All authors were involved in study design; TY wrote all code of MoMI-G; Y. Sakamoto preformed MinION sequencing and SV analysis on LC-2/ad; TY, Y. Sakamoto, and MK drafted the manuscript; MS and Y. Suzuki supervised the sequencing analysis; and MK supervised the study. All authors read and approved the final manuscript.

Funding

This work was supported in part by Information-technology Promotion Agency, Japan (IPA) and Exploratory IT Human Resources Project (The MITOU Program) in the fiscal year 2017 and in part by JSPS KAKENHI (Grant Number, 16H06279). The funders had no role in the design of the study and collection, analysis, and interpretation of data and in writing the manuscript.
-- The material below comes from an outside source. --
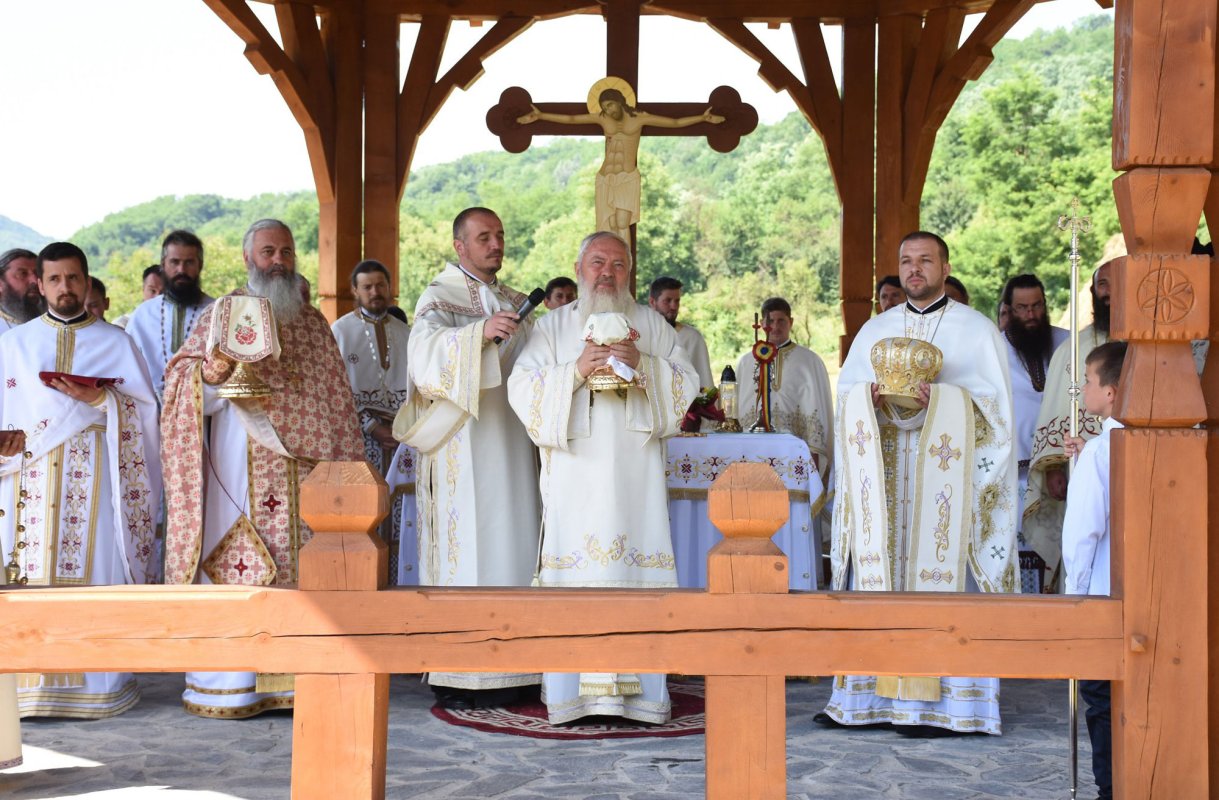 Slujiri arhierești la Sărbătoarea Sfântului Voievod Ștefan cel Mare 120264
Availability of data and materials

Newly obtained long-read sequencing data of LC-2/ad were deposited in the DDBJ with accession numbers DRA007941 (DRX156303-DRX156310). Datasets included in this article are also provided in the database, DBTSS/DBKERO [55]. The source code of MoMI-G is available at https://github.com/MoMI-G/MoMI-G/ under the MIT license. It is written in TypeScript and was tested on Linux and Mac operating systems. Further, we have included an example dataset and annotations as a Docker image.

Ethics approval and consent to participate

Not applicable.

Consent for publication

Not applicable.

Competing interests

The authors declare that they have no competing interests.

Supplementary information

Supplementary information accompanies this paper at 10.1186/s12859-019-3145-2.